4 Rain Man (1988) – 8.0
An all-time classic, Rain Man was a huge hit when originally released in 1988. It grossed $354 million worldwide and earned widespread acclaim for its touching and hilarious road story. It was the big movie at the 61st Academy Awards, earning eight nominations and four wins – the most of any movie that night.
Its wins included Best Screenplay, Actor for Dustin Hoffman, Director for Barry Levinson, and Best Picture. It was just one win away from the Big Five – that being Best Actress, which went to Jodie Foster in The Accused.
3 Platoon (1986) – 8.1
One of the great war movies, Oliver Stone’s Platoon was modeled after the director’s experiences in Vietnam and primarily concerns the morality of war. The movie was a modest success at the box office, grossing $138 million. It was more successful at the 59th Academy Awards, where it earned eight nominations and four wins.
These included Best Film Editing, Sound, Director for Stone, and Best Picture. Despite two nominations in the Supporting Actor category (for both Tom Berenger and Willem Dafoe), that awarded ended up going to Michael Caine for Hannah and Her Sisters.
2 Amadeus (1984) – 8.3
Amadeus serves as a fictionalized biography of Wolfgang Amadeus Mozart, with Tom Hulce serving as the legendary composer. Despite its hefty 161 minute running time, Amadeus proved a big success at the box office, grossing $90 million. Its 8.3 IMDb rating also places it at #83 on the site’s Top Rated Movies list.
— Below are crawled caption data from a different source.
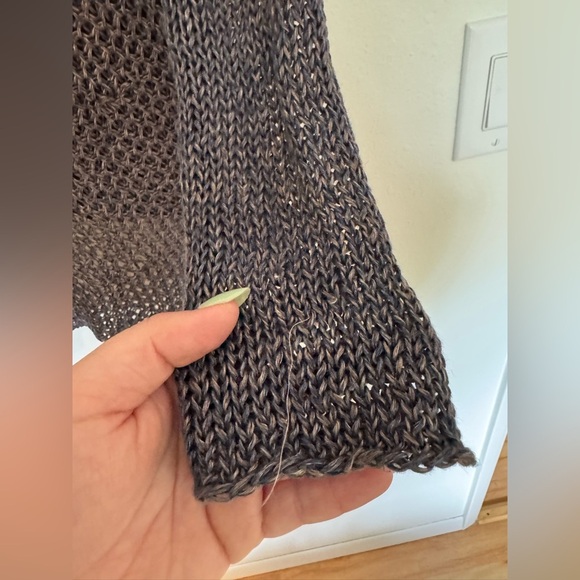 Helmut Lang 100% Linen Mesh Scoop Neck Sweater Blue Size Petite XS EUC - Picture 9 of 9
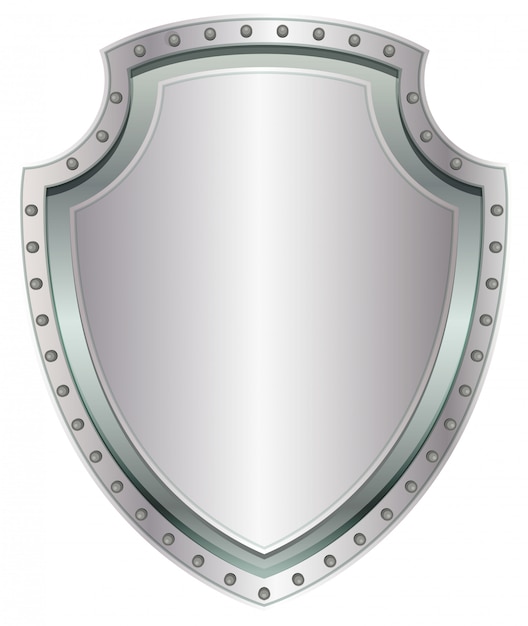 Empty steel shield. blank metal badge with rivets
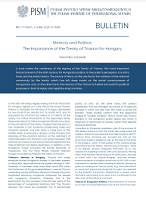 Memory and Politics: The Importance of the Treaty of Trianon for Hungary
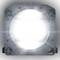 An intense, round light shines from a square device with dark edges. The function and context of the light are unknown.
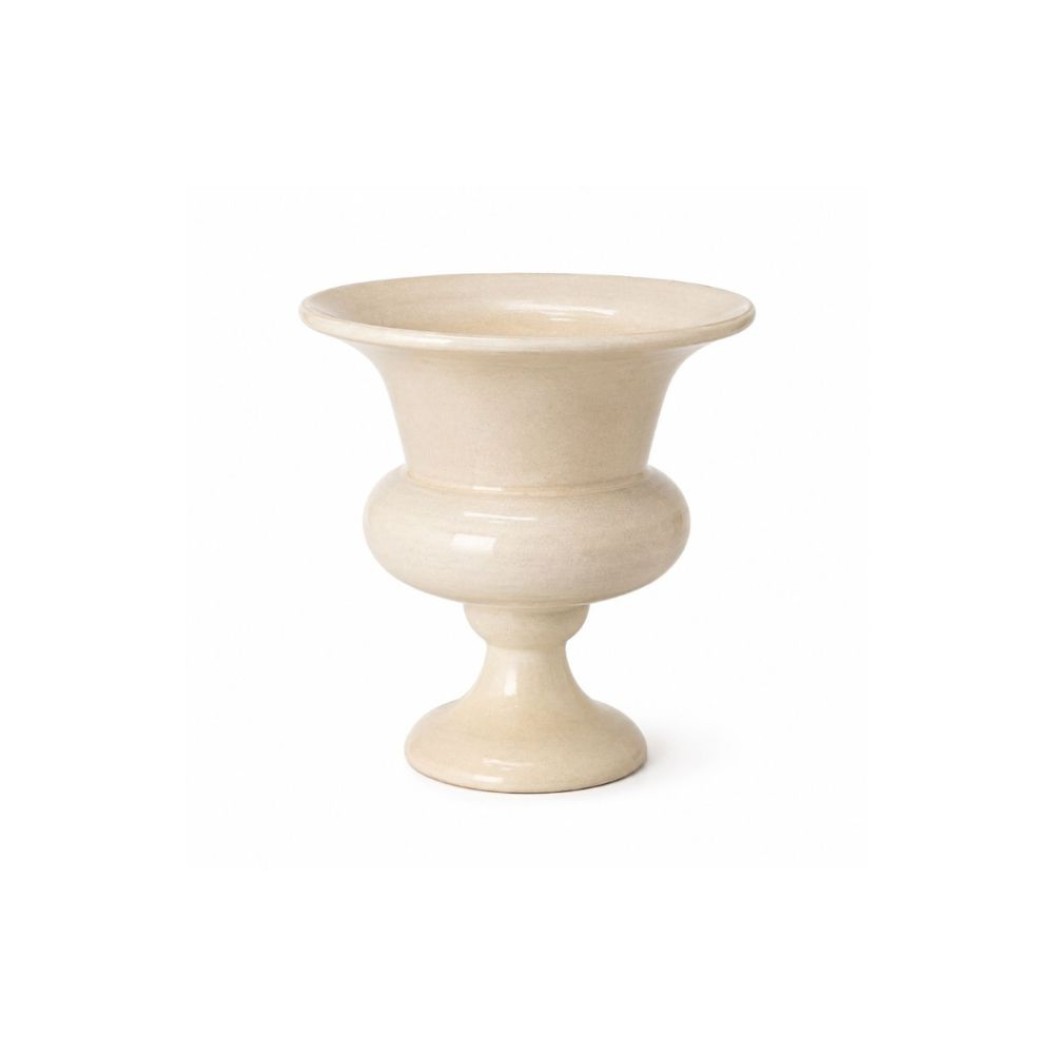 Κεραμικό Βάζο 17.5x21.5 cm Σε Κρεμ Χρώμα Βάζα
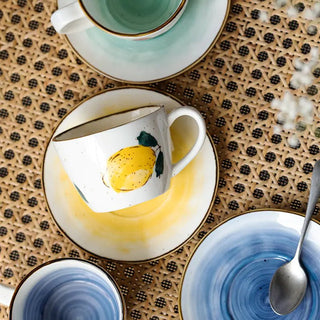 Ceramic Lemon Coffee Cup and Saucer Set - Hstrends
It was also the big movie of the 57th Academy Awards, earning eleven nominations and eight wins – the second most of the entire 1980s. These included Best Costume Design, Makeup, Sound, Art Direction, Screenplay Based on Material from Another Medium, Actor for F. Murray Abraham, Director for Miloš Forman, and Best Picture.
1 Raiders Of The Lost Ark (1981) – 8.4
Further proving Spielberg’s dominance was Raiders of the Lost Ark, often considered the definitive adventure movie. The movie is obviously a huge success, and it has collected $389 million in box office takings throughout its lifetime. It was also the highest-grossing film of 1981 with $212 million, and its 8.4 IMDb rating places it at #57 on the Top Rated Movies list.
It was also a success at the 54th Academy Awards, winning five. These included Best Art Direction, Sound, Film Editing, and Visual Effects, and it was also the recipient of a Special Achievement Academy Award for Sound Effects Editing.